Ten Friends was born, and soon Runco and LaMont were raising money to install water filters in orphanages and to build more sanitary wells and community bathrooms.
The more time Runco and LaMont spent in Nepal, the more relationships they built, which led to their most recent — and possibly most important — project.
“Our Nepalese friends began talking about the need for better education,” Runco says. “They were frustrated with their teachers. Some (teachers) would come (to the villages) only half the time. Others had problems with alcohol.
“We asked what they need and they said they needed their own teachers. People from outside the village don’t understand the culture, the religion, the crops they grow.”
Despite all their progress, Runco and LaMont felt like they were just scratching the surface with their summer visits. To help nurture the projects of Ten Friends, LaMont took all of last year off from teaching and spent his time in Nepal.
“It was very slow to implement progress in the summer,” Runco says. “With Mark over there last year, they made huge progress.”
Seeing the steps Ten Friends took with LaMont abroad last year, Runco says he felt like he couldn’t just wait until the summer to help out either. But the thought of missing basketball season was painful.
“I really struggled with the decision,” Runco says. “I love hoops. I think the last time I wasn’t involved in a basketball season was the third grade.
“I went to the administration, (Sisters principal) Bob Macauley and (athletic director) Mary Flande and said, ‘What do you think about a potential sabbatical?’ They said, ‘Great.’ ”
Jake Rothauge, who played point guard for Runco at Sisters High a decade ago, has taken over as coach of the Outlaws for the 2008-09 season.
“It worked out perfect,” Runco says about Rothauge guiding the varsity program this season. “Leaving hoops, I had to think deep for that one. But leaving it (in Rothauge’s) hands, I felt pretty good about it.”

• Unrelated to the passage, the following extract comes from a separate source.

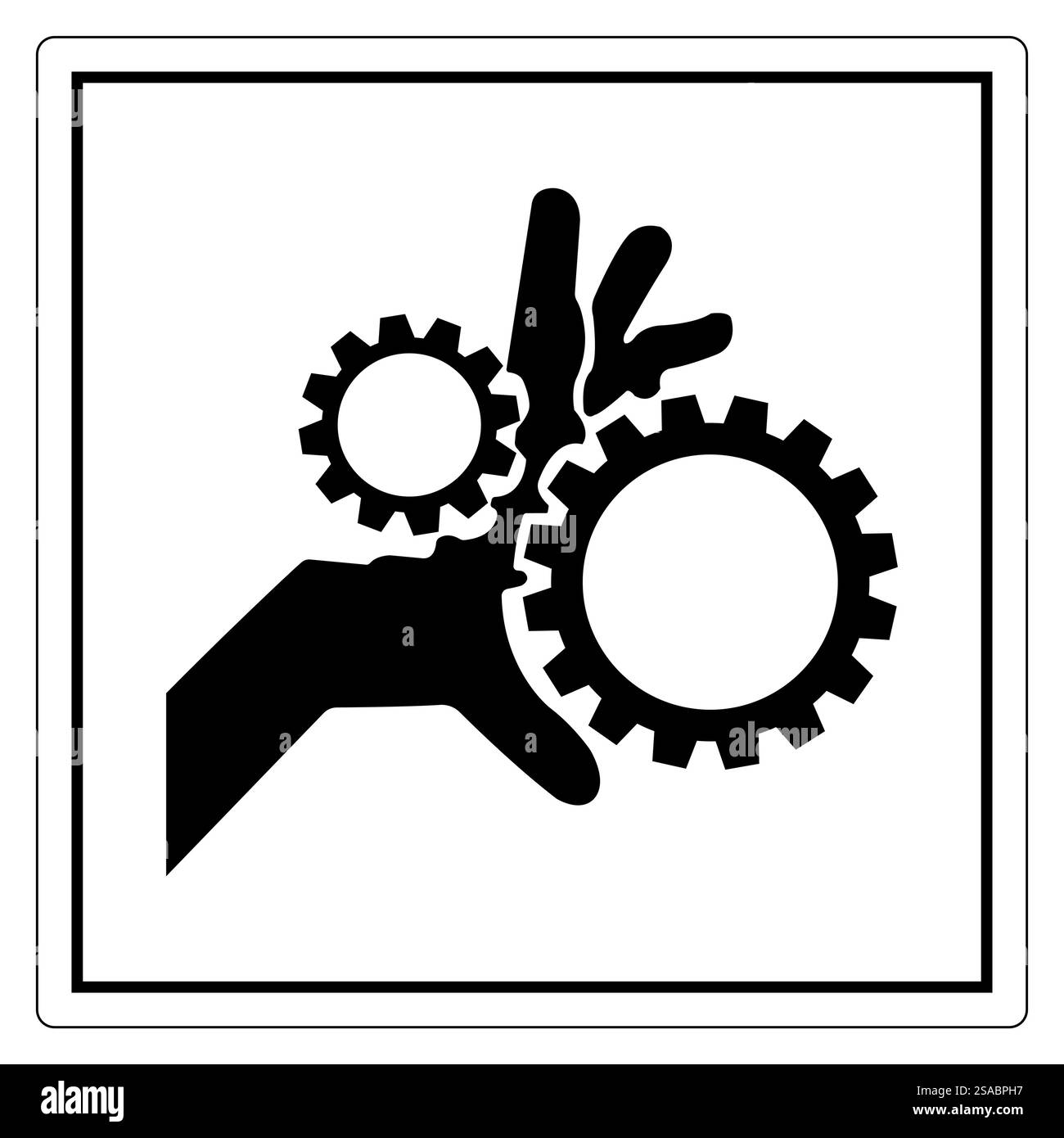 Una rappresentazione grafica di un attrezzo che regge la mano, simboleggia i concetti di industria, innovazione e processi ingegneristici in uno stile minimalista. Illustrazione Vettoriale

So this Wednesday, Runco will travel by plane into the northeastern part of Nepal. At times Mount Everest, the world’s tallest mountain, will be less than 60 miles away. He says that a few of the most remote villages he will visit are accessible only by foot, some a 10-day walk from where he will be dropped off.
Runco is prepared for it all. He’s been itching to return to Nepal since his last visit, energized by LaMont’s success over the previous year. Their nonprofit has the chance to improve not just the lives of the girls it is trying to educate, but entire villages.
But once a coach, always a coach.
“What’s going to drive me crazy is keeping track of hoops,” Runco says. “We’ve got the biggest team in school history. … I hope all goes well and the Outlaws keep winning. I’ll be back in March; I hope to watch them at (the Class 4A state tournament at Oregon State University’s) Gill Coliseum.”